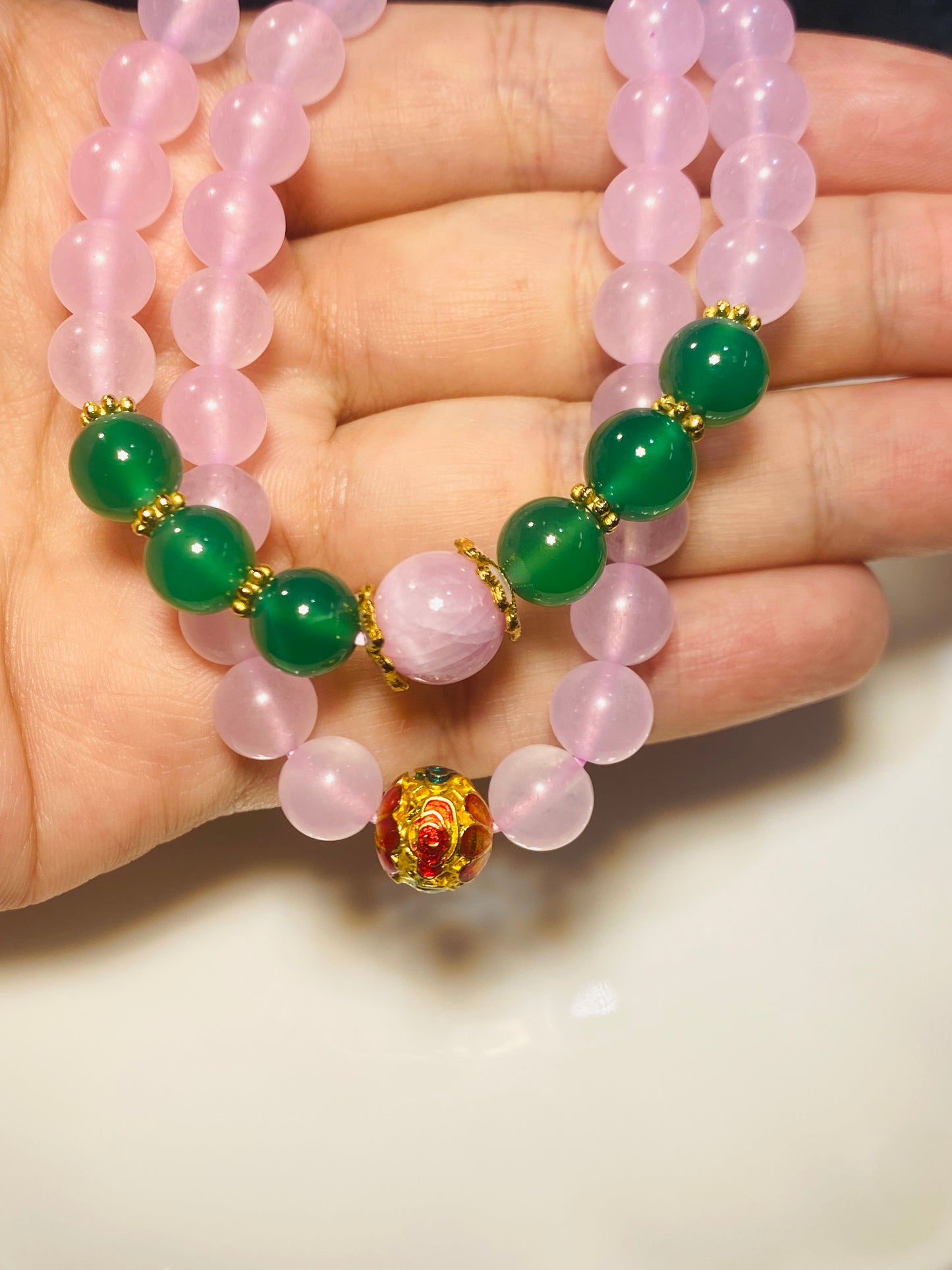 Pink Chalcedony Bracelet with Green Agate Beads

▬▬▬

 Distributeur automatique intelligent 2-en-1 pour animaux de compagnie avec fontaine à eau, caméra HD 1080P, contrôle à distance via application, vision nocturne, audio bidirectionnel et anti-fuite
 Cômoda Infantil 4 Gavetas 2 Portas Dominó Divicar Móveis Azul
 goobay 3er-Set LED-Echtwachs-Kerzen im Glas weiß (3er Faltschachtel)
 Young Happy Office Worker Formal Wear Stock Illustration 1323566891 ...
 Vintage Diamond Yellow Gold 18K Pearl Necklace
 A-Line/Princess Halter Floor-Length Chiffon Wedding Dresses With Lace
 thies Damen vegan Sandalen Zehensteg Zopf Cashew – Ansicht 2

▬▬▬

### Exercise:
An exact copy of the lines above, from the one containing "Young Happy Office" through the one containing "thies Damen vegan", is the whole of the answer.

### Output below:
 Young Happy Office Worker Formal Wear Stock Illustration 1323566891 ...
 Vintage Diamond Yellow Gold 18K Pearl Necklace
 A-Line/Princess Halter Floor-Length Chiffon Wedding Dresses With Lace
 thies Damen vegan Sandalen Zehensteg Zopf Cashew – Ansicht 2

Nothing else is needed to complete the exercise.